So naturally Chafets parlayed that marshmallow-soft profile into a bio book deal with the right-wing loving arm of Penguin publishing. This month his love letter to Limbaugh is being published and the Times, for some odd reasons, feels compelled to help sell copies. So last week Chafets was invited onto the Times' Op-ed page (a marketing coup for any author releasing a new book), where he typed up his unimaginative Limbaugh talking points. (i.e. He's really, really smart and influential!)
What more could any author want from the Times? How about if the newspaper published a lengthy book excerpt? Because, that's what the Times recently did for Chafets, as it dipped back into the Limbaugh valentine stack and published online a long, drooling and kinda creepy excerpt. (Question: Does Chafets also park Limbaugh's cars and pick him up at the airport?)

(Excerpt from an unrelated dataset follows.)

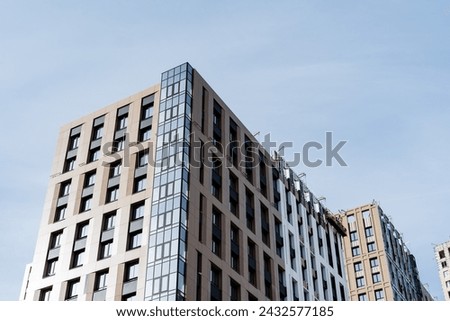 A modern tower block with a sleek facade rises against a clear blue sky, showcasing urban design and composite materials in a commercial building Royalty-Free Stock Photo #2432577185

Even more Chafets in the Times? Okay. But this is where it gets interesting. In today's Times, Janet Maslin reviews Chavet's man crush bio and announces it is (surprise!) just awful. Maslin's language is unusually sharp for the Times book review (Chafets is dismissed as a “cheerleader” suffering a case of Stockholm syndrome), and she leaves no doubt that Chafets hasn't written a Limbaugh biography. Instead, he's written a 229-page, thumb-sucking Limbaugh press release.
So yes, the Chavets book is quite bad. Can Times editors now please explain why they have devoted so much space over the years to Chafets and his slobbering, star-struck passages?